[Short text fragments from websites]
══════════
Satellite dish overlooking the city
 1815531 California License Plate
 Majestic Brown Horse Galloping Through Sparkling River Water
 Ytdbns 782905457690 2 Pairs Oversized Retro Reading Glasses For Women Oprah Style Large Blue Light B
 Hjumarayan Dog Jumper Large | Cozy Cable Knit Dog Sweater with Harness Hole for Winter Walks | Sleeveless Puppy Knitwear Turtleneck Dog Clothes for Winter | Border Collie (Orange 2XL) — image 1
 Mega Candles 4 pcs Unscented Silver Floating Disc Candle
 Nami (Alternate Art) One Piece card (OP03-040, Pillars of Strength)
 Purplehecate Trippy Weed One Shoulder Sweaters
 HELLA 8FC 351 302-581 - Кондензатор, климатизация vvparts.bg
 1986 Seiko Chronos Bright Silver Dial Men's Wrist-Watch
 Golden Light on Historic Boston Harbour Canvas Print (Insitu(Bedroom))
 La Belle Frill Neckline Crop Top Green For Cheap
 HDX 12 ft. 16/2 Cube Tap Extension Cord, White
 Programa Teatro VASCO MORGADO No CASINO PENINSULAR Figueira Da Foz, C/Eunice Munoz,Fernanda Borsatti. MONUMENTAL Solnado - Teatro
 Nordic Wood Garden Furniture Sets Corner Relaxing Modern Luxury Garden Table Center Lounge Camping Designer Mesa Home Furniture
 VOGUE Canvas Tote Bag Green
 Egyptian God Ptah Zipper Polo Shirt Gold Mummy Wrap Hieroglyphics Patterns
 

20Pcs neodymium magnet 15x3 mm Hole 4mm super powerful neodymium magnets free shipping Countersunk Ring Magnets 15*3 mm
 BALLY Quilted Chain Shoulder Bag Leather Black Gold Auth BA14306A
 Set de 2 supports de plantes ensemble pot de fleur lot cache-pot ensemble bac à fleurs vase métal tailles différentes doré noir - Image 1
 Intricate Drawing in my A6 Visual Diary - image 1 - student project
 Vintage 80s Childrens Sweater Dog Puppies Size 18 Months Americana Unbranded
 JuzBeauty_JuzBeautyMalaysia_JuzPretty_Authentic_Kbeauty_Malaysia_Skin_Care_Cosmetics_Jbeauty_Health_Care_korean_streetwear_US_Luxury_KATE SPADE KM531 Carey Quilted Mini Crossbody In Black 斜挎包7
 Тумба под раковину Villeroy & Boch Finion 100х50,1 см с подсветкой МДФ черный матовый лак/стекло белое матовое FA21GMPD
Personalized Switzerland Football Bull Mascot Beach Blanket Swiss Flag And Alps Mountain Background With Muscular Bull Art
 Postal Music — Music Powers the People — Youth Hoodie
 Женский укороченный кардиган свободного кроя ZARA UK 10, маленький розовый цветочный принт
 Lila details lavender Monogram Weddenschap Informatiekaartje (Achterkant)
══════════
→ Task prompt
Please reply with an exact copy of the lines above, starting at the first and ending at the line that holds "Ytdbns 782905457690 2".

→ Written solution
Satellite dish overlooking the city
 1815531 California License Plate
 Majestic Brown Horse Galloping Through Sparkling River Water
 Ytdbns 782905457690 2 Pairs Oversized Retro Reading Glasses For Women Oprah Style Large Blue Light B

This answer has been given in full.